Recently, the popularity of organic, locally grown and sustainable foods has many USF students wondering where the food they eat comes from.
According to the USDA, organic food sales nationwide have increased by 20 percent since 1990. Chains such as Publix and Walmart are selling organic items, and produce stands touting sustainable farmed crops are sprouting up all over Tampa.
This isn’t an accident; the USDA cited that people with a secondary education sought out and bought more organic foods than those without a college degree, which makes the Tampa area prime real estate for health-conscious consumers.
All of this demand comes with a price tag. Traditionally, locally grown products are more expensive than their conventionally grown counterparts, which has prompted the habitually broke college student to seek out other, more reasonably priced sources.
Some students buy their organic foods from big chain supermarkets but more commonly popular, and cheaper avenues for local produce are the community gardens that surround USF.
The coffee shop Felicitous has had a community garden for two and a half years. Started by a former employee, the garden consists of six moderately sized planters filled with everything from carrots to chamomile.
“Initially, we were only planting herbs,” longtime employee and USF student Andrew Sestok said. “Now we have carrots, broccoli, kale, mustard greens, lettuce, and we could eat all of this now.”

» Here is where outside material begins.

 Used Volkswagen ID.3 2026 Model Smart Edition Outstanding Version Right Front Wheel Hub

Having no experience other than gardening, Sestok and his co-workers tried their hand at creating an inexpensive and productive garden for anyone to benefit from.
“I’d like to implement a portion of the plants into our food, and I would also like to advocate that people come and just take some,” Sestok said.

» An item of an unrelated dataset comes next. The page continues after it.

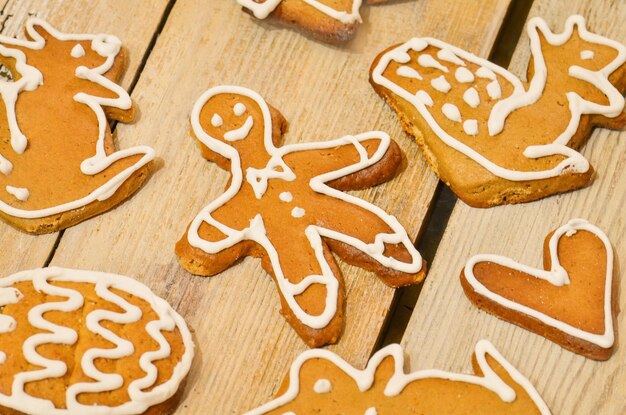 Biscuits de pain d'épice de Noël décorés de glaçage Biscuits de pain d'épice de Noël sur la vue de dessus de table en bois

The garden is built from scrap wood and old pallets. Because the wood is not treated with the chemicals that prevent weather damage, eventually it will rot and an overhaul will be necessary, but Sestok thinks it is the only way to ensure no undesired chemicals affect the consumer.

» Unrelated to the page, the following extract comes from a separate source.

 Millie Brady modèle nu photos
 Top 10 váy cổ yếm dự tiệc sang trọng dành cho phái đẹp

“Someone that is really interested in organic and homegrown (food) is typically intolerant of even the slightest contingency, so there are patrons and friends that would not accept it if we did not take such precautions as we do,” Sestok said.
For four years, Kitty Wallace has been the coordinator for the Tampa Heights Community Garden, just south of Hillsborough Avenue, about 10 miles from the USF Tampa campus.
In her work cultivating gardens with a diverse group of people, she has found that organic farming is important for many because of the growing interest people have in their food, from what chemicals are involved in its cultivation to genetically modified organisms, or GMOs.
“I think the GMO issue has really kicked concern (into) action for people wanting to be sure their food is grown from seeds that haven’t been affected by genetic modification,” Wallace said. “People are very concerned about some of the effects that we are seeing now in pesticides and herbicides.”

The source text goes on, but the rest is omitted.